_What to do_: From the line that contains "People sitting on" down to the final line below, please repeat each line exactly and nothing more, with no pictures.

_Recorded data_:

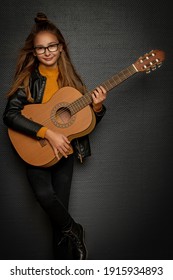 Little Blonde Girl Playing Guitar On Black Background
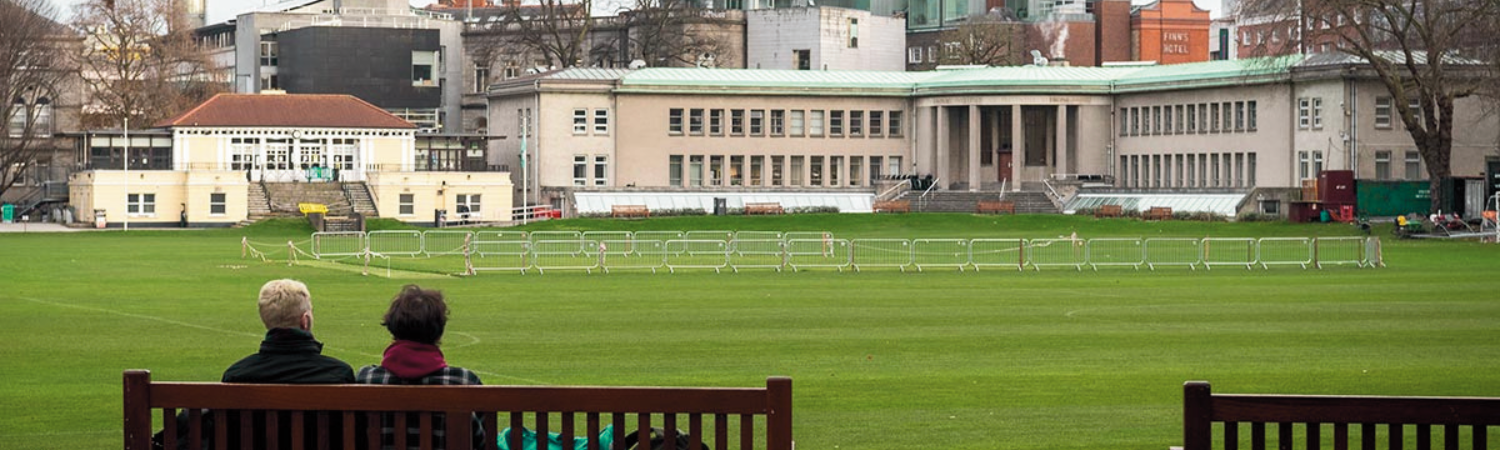 People sitting on benches at Trinity College Dublin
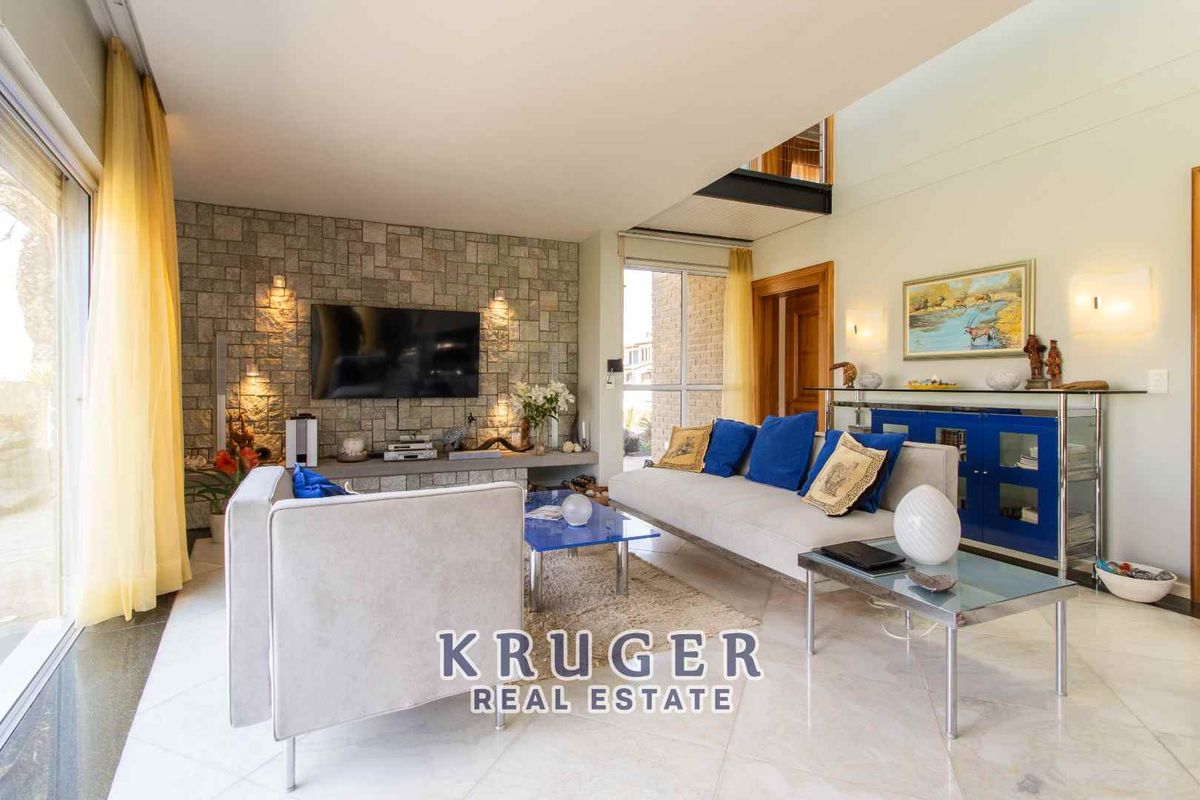 Spacious living room featuring a textured stone feature wall, large windows, and polished tile flooring with an open-plan layout.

_Written solution_:
 People sitting on benches at Trinity College Dublin
 Spacious living room featuring a textured stone feature wall, large windows, and polished tile flooring with an open-plan layout.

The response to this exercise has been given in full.